WORK ORDER >>
Retype the entries, please, from their first line to the line containing "Large open living", exactly and only those lines, minus the pictures.

....

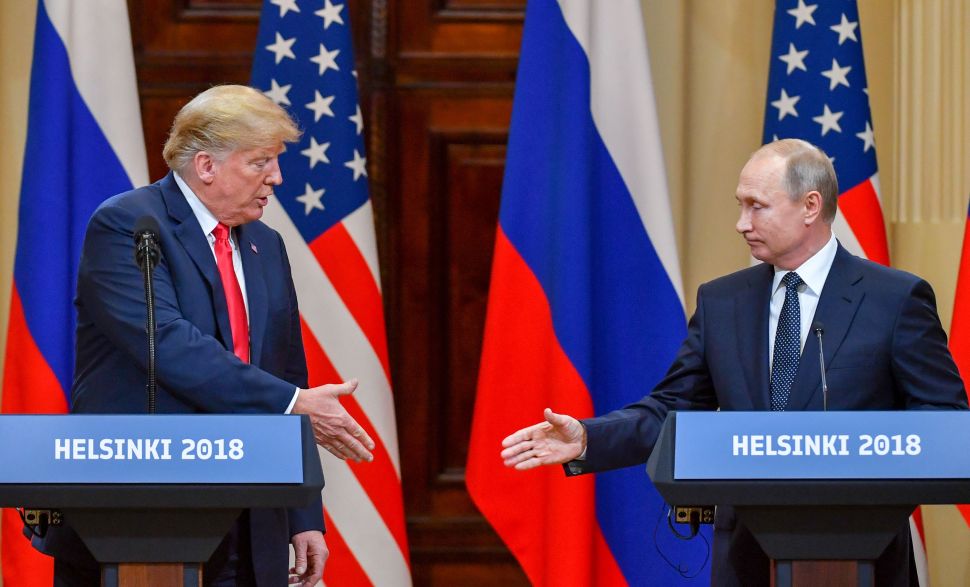 U.S. President Donald Trump (L) and Russia's President Vladimir Putin reach out to shake hands before attending a joint press conference after a meeting at the Presidential Palace in Helsinki, on July 16, 2018. 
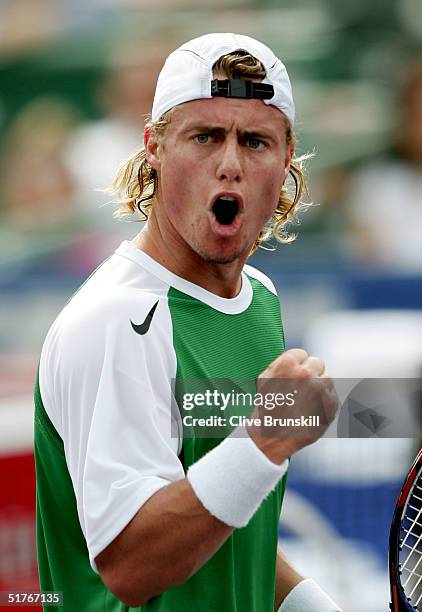 Lleyton Hewitt of Australia celebrates a point over Gaston Gaudio of Argentina during the round robin stage of the Tennis Masters Cup November 19,...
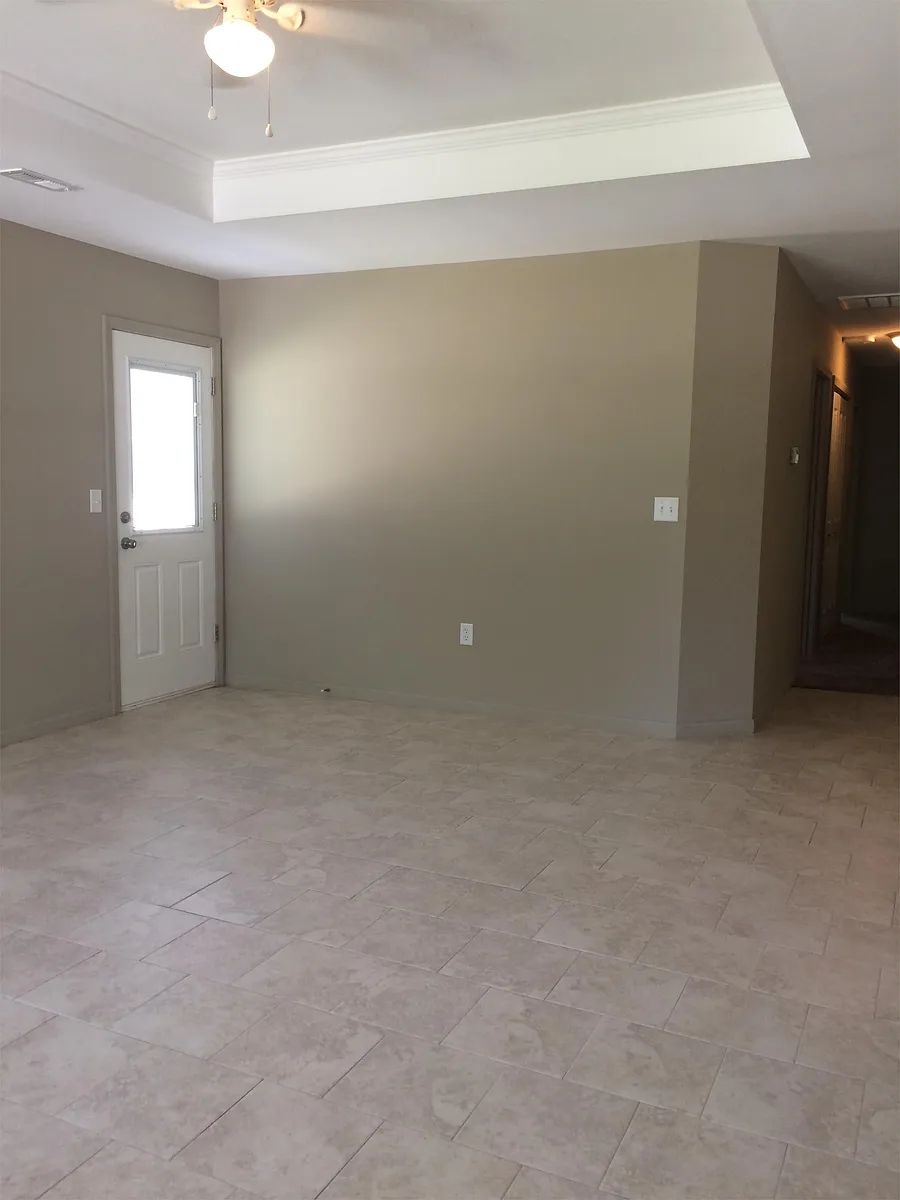 Large open living room with ceiling fan & side patio door - 903 W Market St #A
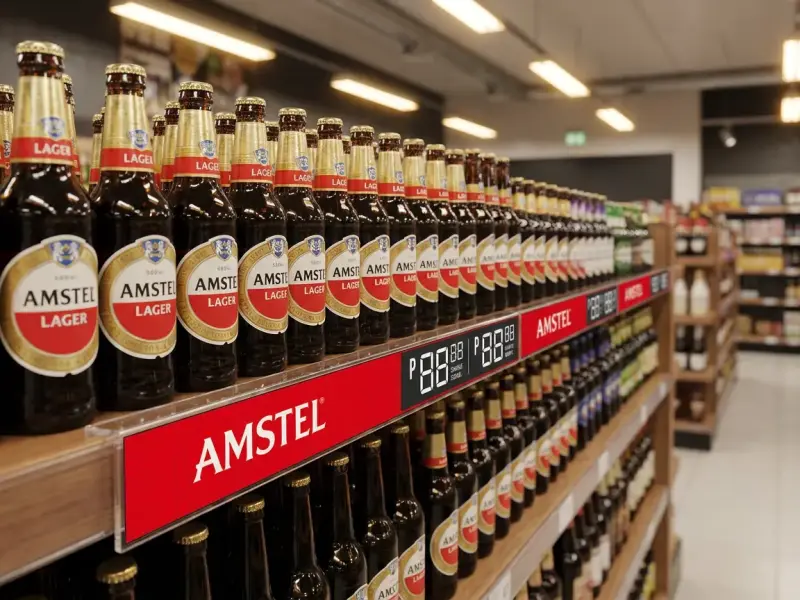 Amstel shelf strip and price rail on a liquor store shelf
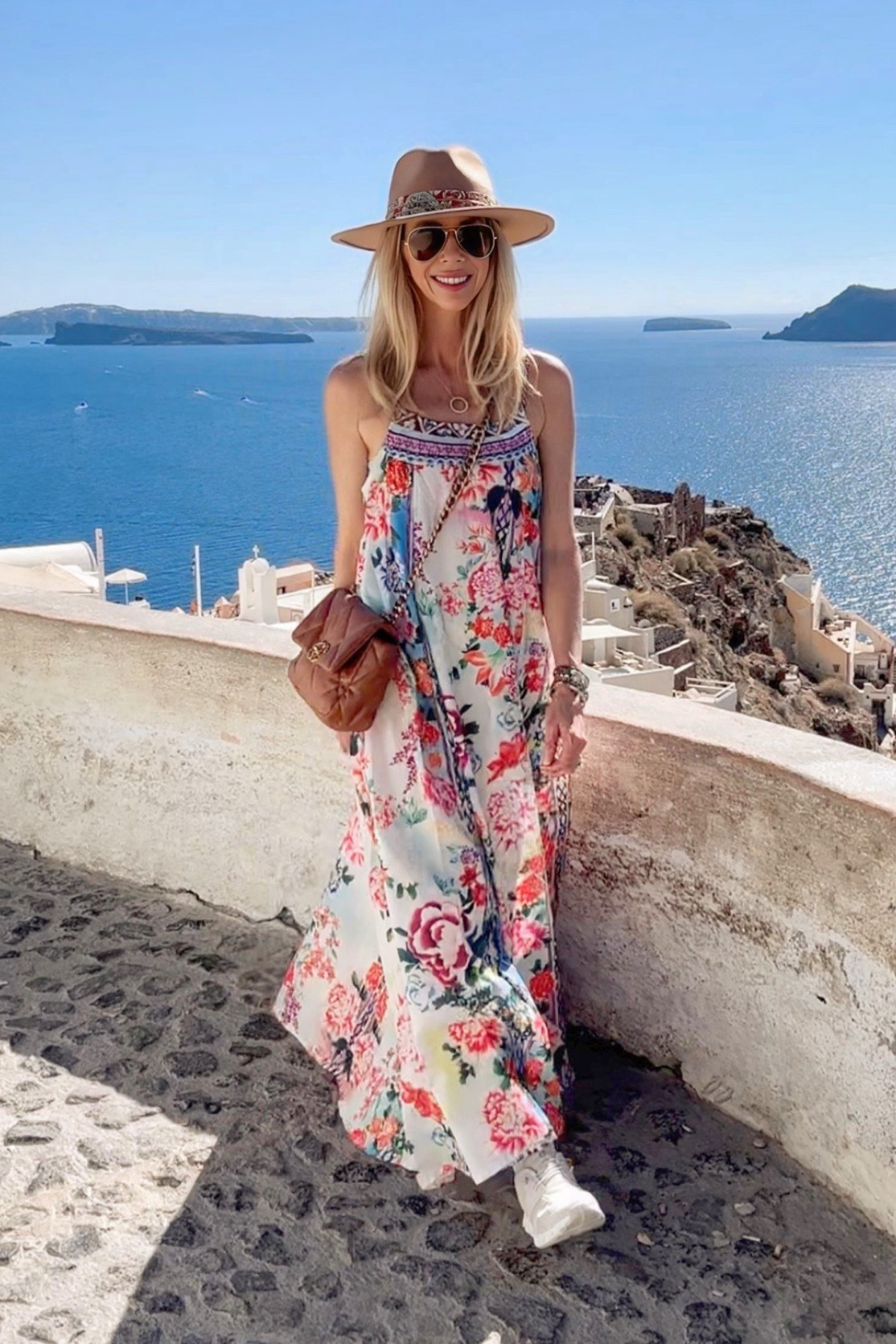 This flowing bohemian dress was perfect for traveling and very comfortable and cool. The on clouds sneakers are my favorite go to shoe and the Chanel bag is a closet staple. Ray bans are practical and another staple piece. Hat was great and fashionable 

#LTKCyberWeek #LTKFindsUnder50 #LTKTravel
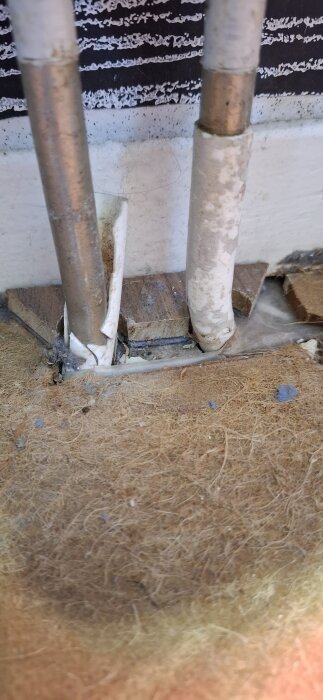 Frilagt rör i byggprojekt, med metallrör delvis täckta av vit isolering i närbild mot en vägg med träplattor vid basen.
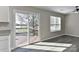 View of a living room with sliding glass doors to an outdoor deck overlooking a lake at 2013 Barkley Cir, Monroe, NC 28112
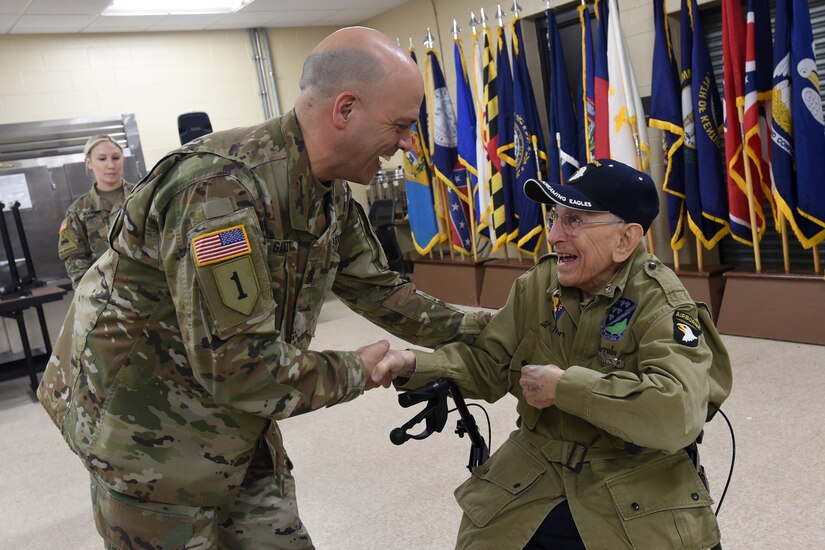 Army Reserve Command Sgt. Maj. Gilbert Garrett, left, command sergeant major of the 2nd Battalion, 337 Regiment, 85th U.S. Army Reserve Support Command, operationally controlled by 157th Infantry Brigade, meets World War II Veteran, Al Mampre, during the last day of the 85th USARSC’s Battalion Commanders Huddle briefing, Mar. 10, 2019.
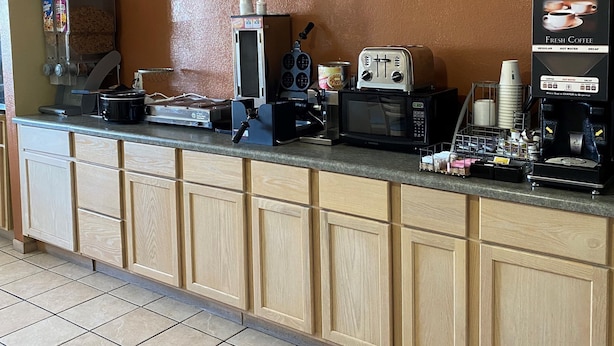 A self-service coffee station with a coffee machine, a microwave, and a beverage dispenser. - Western Inn & Suites (Grinnell)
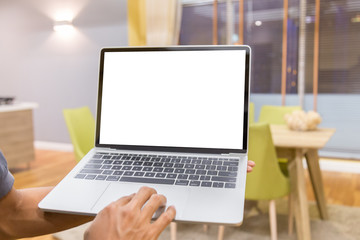 Wall Mural - Mockup image of a businessman using laptop with blank white desktop screen working in home- Image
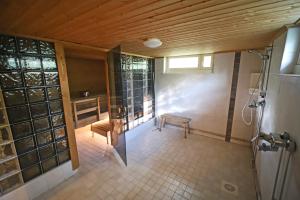 a bathroom with a shower with a bench and a window at Overkalix Holiday Home with Sauna in Jock
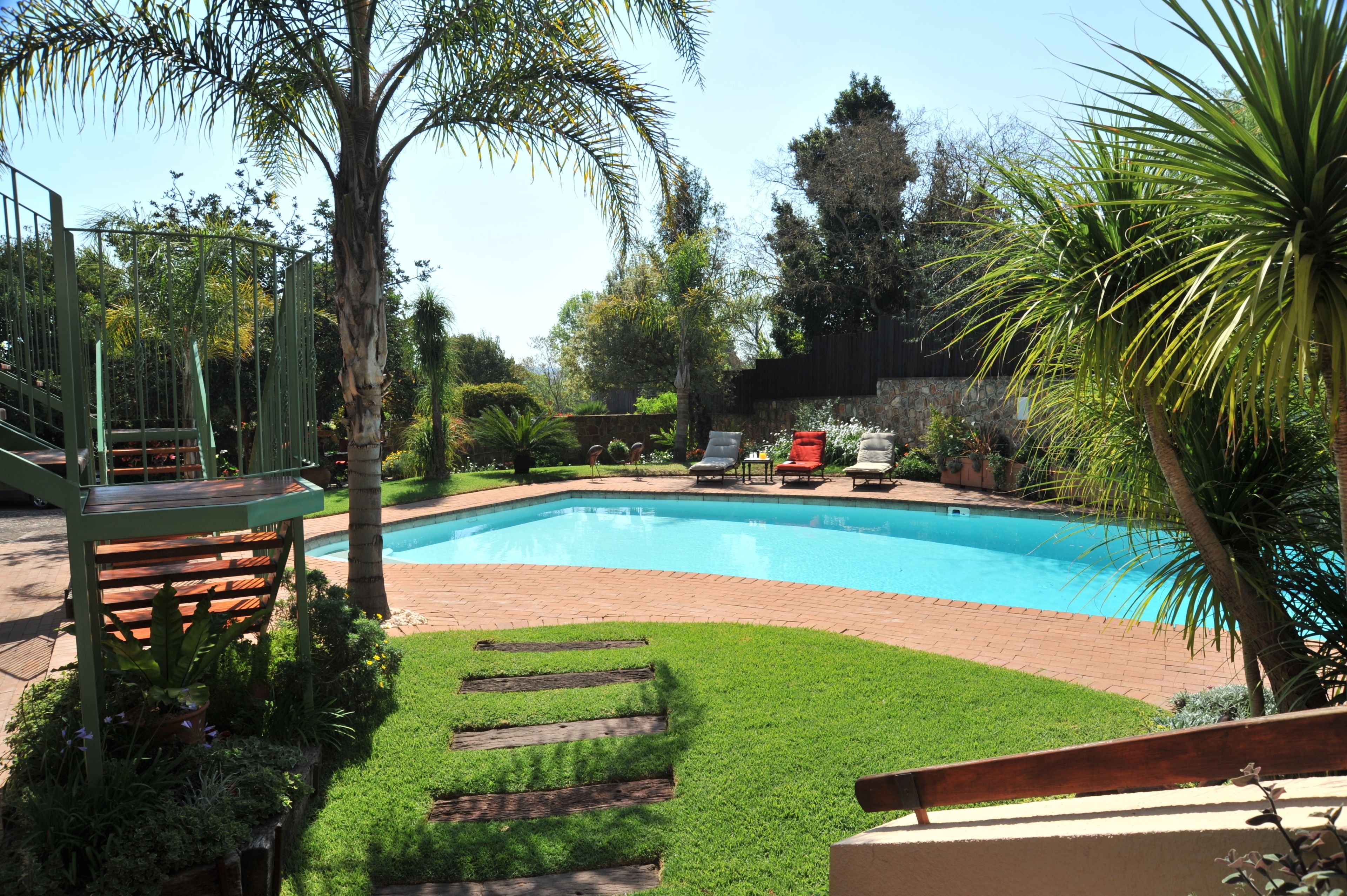 A swimming pool surrounded by a well-maintained lawn and various plants.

....

RESULT OF THE TASK >>
 U.S. President Donald Trump (L) and Russia's President Vladimir Putin reach out to shake hands before attending a joint press conference after a meeting at the Presidential Palace in Helsinki, on July 16, 2018. 
 Lleyton Hewitt of Australia celebrates a point over Gaston Gaudio of Argentina during the round robin stage of the Tennis Masters Cup November 19,...
 Large open living room with ceiling fan & side patio door - 903 W Market St #A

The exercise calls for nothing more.